Dataset entries
= = = = = = =
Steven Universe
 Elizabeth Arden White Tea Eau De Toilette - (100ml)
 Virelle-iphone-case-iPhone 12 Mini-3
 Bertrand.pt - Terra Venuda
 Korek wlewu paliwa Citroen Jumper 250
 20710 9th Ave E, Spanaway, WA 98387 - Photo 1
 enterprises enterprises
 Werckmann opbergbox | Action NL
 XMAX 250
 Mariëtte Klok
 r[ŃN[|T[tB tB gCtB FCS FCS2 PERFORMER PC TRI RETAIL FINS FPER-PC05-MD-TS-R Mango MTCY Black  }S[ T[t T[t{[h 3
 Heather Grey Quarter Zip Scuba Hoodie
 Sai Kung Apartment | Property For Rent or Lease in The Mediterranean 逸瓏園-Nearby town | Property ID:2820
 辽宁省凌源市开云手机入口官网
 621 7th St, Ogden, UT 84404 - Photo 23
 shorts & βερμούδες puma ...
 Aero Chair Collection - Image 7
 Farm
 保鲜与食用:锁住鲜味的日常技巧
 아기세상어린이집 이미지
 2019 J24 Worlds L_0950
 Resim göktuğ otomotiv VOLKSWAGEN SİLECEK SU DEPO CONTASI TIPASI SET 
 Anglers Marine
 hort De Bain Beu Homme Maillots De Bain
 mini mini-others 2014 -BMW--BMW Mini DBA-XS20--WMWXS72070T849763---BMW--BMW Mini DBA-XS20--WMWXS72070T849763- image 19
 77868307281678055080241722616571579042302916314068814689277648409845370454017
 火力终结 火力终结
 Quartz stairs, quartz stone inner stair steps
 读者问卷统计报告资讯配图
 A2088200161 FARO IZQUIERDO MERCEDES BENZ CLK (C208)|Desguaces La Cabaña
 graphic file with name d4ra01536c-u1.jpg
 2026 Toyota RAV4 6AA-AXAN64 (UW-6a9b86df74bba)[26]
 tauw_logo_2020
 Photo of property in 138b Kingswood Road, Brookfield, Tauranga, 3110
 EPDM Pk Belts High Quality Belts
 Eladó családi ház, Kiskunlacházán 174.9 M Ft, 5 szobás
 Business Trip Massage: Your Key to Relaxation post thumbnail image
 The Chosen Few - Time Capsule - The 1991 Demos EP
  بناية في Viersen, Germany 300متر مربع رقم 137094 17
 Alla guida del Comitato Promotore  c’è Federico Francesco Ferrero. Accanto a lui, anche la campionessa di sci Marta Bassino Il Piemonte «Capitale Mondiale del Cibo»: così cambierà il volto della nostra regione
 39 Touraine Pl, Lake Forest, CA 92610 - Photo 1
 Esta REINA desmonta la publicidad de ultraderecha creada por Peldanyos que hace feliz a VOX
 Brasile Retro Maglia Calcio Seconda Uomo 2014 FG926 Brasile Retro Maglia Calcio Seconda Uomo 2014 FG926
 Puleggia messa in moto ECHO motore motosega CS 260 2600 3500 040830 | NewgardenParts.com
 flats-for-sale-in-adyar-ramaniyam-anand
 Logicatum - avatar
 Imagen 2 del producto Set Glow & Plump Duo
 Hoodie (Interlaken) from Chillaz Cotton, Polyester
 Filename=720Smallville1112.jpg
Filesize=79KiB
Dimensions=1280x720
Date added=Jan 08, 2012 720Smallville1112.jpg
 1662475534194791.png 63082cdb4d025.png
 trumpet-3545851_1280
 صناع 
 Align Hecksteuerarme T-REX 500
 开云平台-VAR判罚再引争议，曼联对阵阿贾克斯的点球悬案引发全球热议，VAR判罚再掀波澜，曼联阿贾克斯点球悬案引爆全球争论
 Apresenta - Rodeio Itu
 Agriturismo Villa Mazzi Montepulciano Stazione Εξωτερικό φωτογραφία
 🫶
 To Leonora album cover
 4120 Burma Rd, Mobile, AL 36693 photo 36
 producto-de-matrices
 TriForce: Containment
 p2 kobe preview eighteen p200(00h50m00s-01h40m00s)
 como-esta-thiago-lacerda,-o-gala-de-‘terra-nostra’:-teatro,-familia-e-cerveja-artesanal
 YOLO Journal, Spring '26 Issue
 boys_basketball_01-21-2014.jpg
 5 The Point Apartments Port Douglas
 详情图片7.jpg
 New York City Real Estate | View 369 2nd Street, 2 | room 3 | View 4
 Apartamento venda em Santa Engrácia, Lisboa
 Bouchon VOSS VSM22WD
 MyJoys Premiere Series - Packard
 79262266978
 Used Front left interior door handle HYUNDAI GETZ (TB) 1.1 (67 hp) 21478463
= = = = = = =
Instructions for the task: What you give back must be the stretch above, starting at the line with "1662475534194791.png 63082cdb4d025.png" and ending at the line with "4120 Burma Rd, Mobile, AL 36693 photo 36", copied exactly.

Your solution:
 1662475534194791.png 63082cdb4d025.png
 trumpet-3545851_1280
 صناع 
 Align Hecksteuerarme T-REX 500
 开云平台-VAR判罚再引争议，曼联对阵阿贾克斯的点球悬案引发全球热议，VAR判罚再掀波澜，曼联阿贾克斯点球悬案引爆全球争论
 Apresenta - Rodeio Itu
 Agriturismo Villa Mazzi Montepulciano Stazione Εξωτερικό φωτογραφία
 🫶
 To Leonora album cover
 4120 Burma Rd, Mobile, AL 36693 photo 36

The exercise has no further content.